Black Coffee and Other Foods Psychopaths Could Love
At cafes around the country last week, suspicious eyes were trained on the coffee station. Why? A game-changing study.
While there's been plenty of advice published over the years on how to tell if someone is a psychopath, those "tests" have always involved annoying activities like "spending hours with another person" or "meeting the individual more than once." A new study compressed that lengthy investigative process into one tell-tale sign to look for:
Psychopaths drink their coffee black.
The study in question came from psychology researchers at Austria's University of Innsbruck who surveyed nearly 1,000 Americans from two distinctly separate groups: students and prison inmates. In addition to testing the respondents for personality traits using a number of questionnaires, the researchers asked them to self-report their taste preferences.
After they crunched the numbers, they found:
The results of both studies confirmed the hypothesis that bitter taste preferences are positively associated with malevolent personality traits, with the most robust relation to everyday sadism and psychopathy.
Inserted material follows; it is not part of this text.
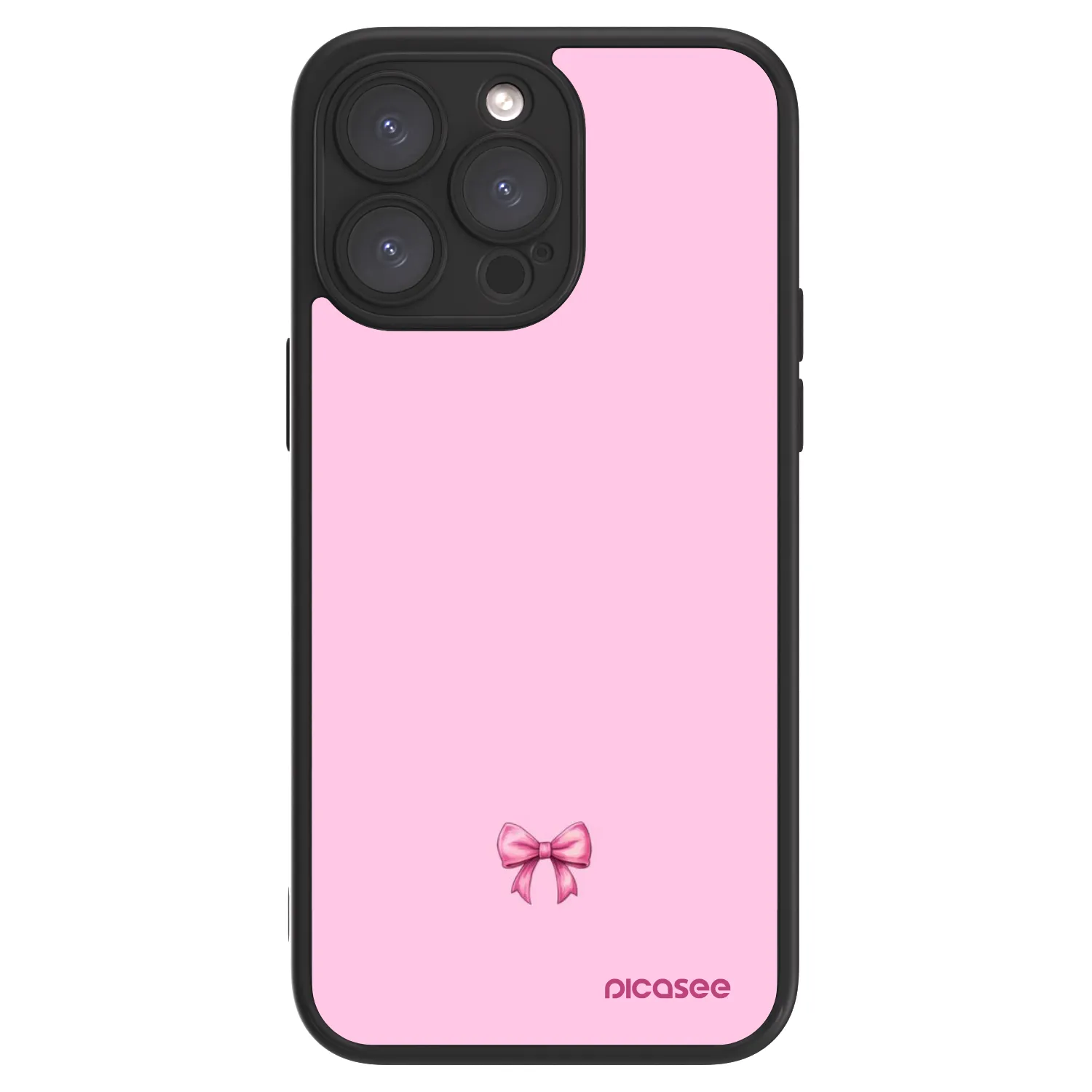 Picasee ULTIMATE CASE MagSafe Apple iPhone 15 Pro Max - készülékre - Blush bow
Regression analyses confirmed that this association holds when controlling for sweet, sour, and salty taste preferences and that bitter taste preferences are the overall strongest predictor compared to the other taste preferences.
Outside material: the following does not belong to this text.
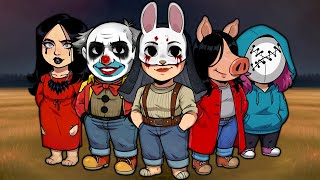 видео: Чиловые ДБД Клипы От Зрителей картинка: Чиловые ДБД Клипы От Зрителей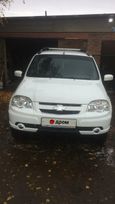 SUV   Chevrolet Niva 2013 , 550000 ,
Since black coffee is as bitter as it gets, psychopaths must love their coffee black. So if you spot someone drinking coffee without any sweetener or cream, they're more likely to be psychopaths. And, well, you're going to want to keep an eye that person.
Now, there are plenty of issues with the study. As Gizmodo points out, people lie all the time, particularly about the food they're eating, or even the kinds of foods they enjoy.
Maybe more to the point, as Slate points out, the study never mentioned black coffee at all, but the coffee assumption was made because of the connection to its bitter flavor.
But who are we to let something like the lack of sound scientific evidence and possibly false extrapolation stop us from having a little fun? So, if you have a psychopath in your life, well, try to get rid of them. But if you can't, try to win their favor by making them a fancy dinner including one or all of these ultra-bitter ingredients:
Arugula: A lot of folks looking for a nutritious snack will reach for mixed greens or chopped lettuce. Not the psychopath. They're on the lookout for that green with a little extra punch like these thin, spiky leaves originally cultivated and grown in the Mediterranean region. They're tasty in their own salad, cooked into a pasta sauce, or sprinkled on top of an artisan pizza.
Dill: For the rest of us, dill is an old fashioned cure-all for every malady from insomnia to hiccups to respiratory disorders to cancer. But if you're a psychopath that needs a little extra garnish on everything from tacos to potatoes, here's your green gold.
Dandelion Greens: Dandelion greens, perhaps arugula's older, wiser cousin, are a step up on the bitterness scale, as well as a huge leap up in nutritional value. One cup of dandelion greens are chock-full of vitamins A, C, and K. They're also quite easy to forage, if you don't want to spend too much money making dinner for someone who probably won't appreciate your efforts, them being a psychopath and all.
Turmeric: Throw a pinch, a spoonful, or maybe just the whole bag of this ancient Indian spice in whatever you're cooking. It goes great in everything from curries, to the entire range of rice dishes, to a morning smoothie if you want to give your psychopath an extra pick-me-up on their way to work, presumably having something to do with the stock market.
Bitrex: Discovered in 1958 by Scottish pharmaceutical company MacFarlan Smith, Bitrex is the registered brand name of the chemical compound denatonium benzoate. In 1982, it was officially recognized by the Guinness Book of World Records as being the "most bitter substance known to man." As such, it's had a wide range of uses, everything from keeping Danish pigs from cannibalizing each other's tails, to stopping curious children from accidentally ingesting household cleaning products. This might be the one thing the psychopath in your life adds in their coffee.